Likewise, it is necessary not to rush into believing that we must rehabilitate the old ‘normality,’ as it may be part of the reasons for the present situation. Rather than recuperating, it seems essential to define how to continue. That is: where to, and to that extent, when would it be convenient to halt. The purpose of going out on each particular occasion should not be a trivial question.

Remarkably, as a civilization, we are in a teen state of mind: we adapt ourselves to what the world expects from us, or we seek to re-invent everything. The precise location of one’s place concerning the other has become blurred. The lack of clarity to answer questions concerning the essence of principal, purpose and action when bonding to one another speak of the generalized effects that the pandemic had had towards us. One perhaps misunderstand that this questions require an individual.

Perhaps, revisiting the ideas about the work with limits (so often mentioned in the regular appointment with adolescents), since they do not necessarily refer to a clinical problem but, instead, allow us to clarify our position when with others. Today we know that there will be a distancebecause Psychoanalysis introduces itself as the praxis that distinguishes the limits in which life plays and what comes beyond. The value of guidance in the limits will have a preponderant role in men’s near future, and its consequence will be, fundamentally, social.

It is not clear to us today whether a traditional bond will be necessary and what will happen, or what may emerge, in its place.

Perhaps it will also be necessary for someone (young or not) to count on the occasions in which questioning is vital. Now more than ever, the known structures supporting men’s functionality have been shaken, if not crumbled, by the urgency installed in the past year. Let us not forget that what is most present is the lack of time in this situation.

Consequently, we can no longer, nor should we, take what makes a bond to last on time, for granted. In which producing new solutions create articulations between them and shape and mold new limits.

It is imperative to work with teenagers, and therefore with ourselves as adults, in this context.

Guarding an adolescent against encountering limits, which are his own, would prolong his state of naivety in this respect.
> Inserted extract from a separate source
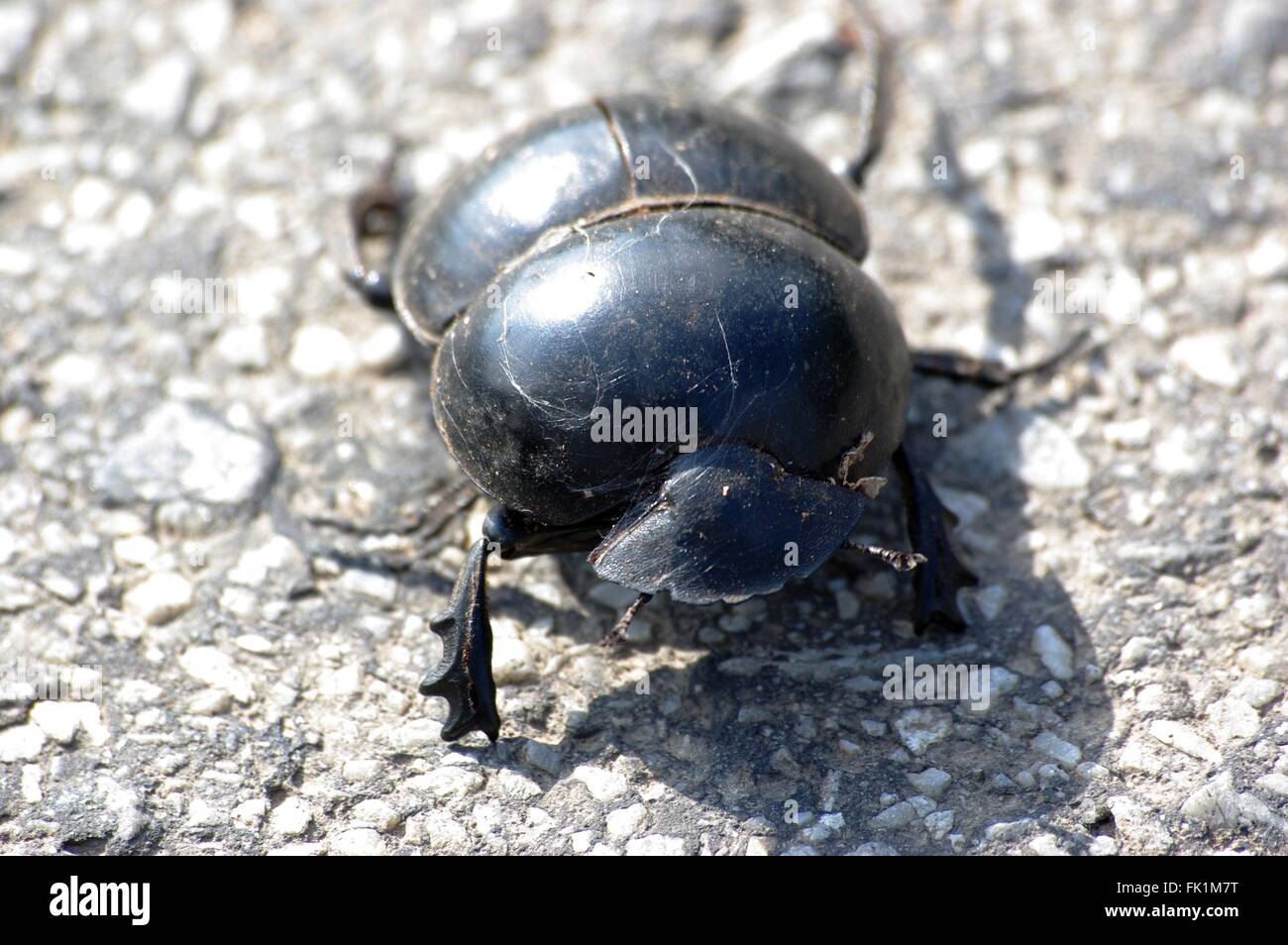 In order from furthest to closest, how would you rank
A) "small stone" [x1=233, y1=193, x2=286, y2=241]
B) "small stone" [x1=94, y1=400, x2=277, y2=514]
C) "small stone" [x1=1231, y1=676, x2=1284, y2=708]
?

Instead, perhaps, we should convey them to learn about their boundaries in extent and how, from this point onward, it is possible to re-invent their lives with others for good. In which case, what will persist is not the bond per seibut what is happening in it. Once and for all, new articulations’ infinite possibilities to create meaningful, productive, and valuable connections must prevail.


* JLN with Javier Bolaños & Florencia Bernthal Raz. In LEAP.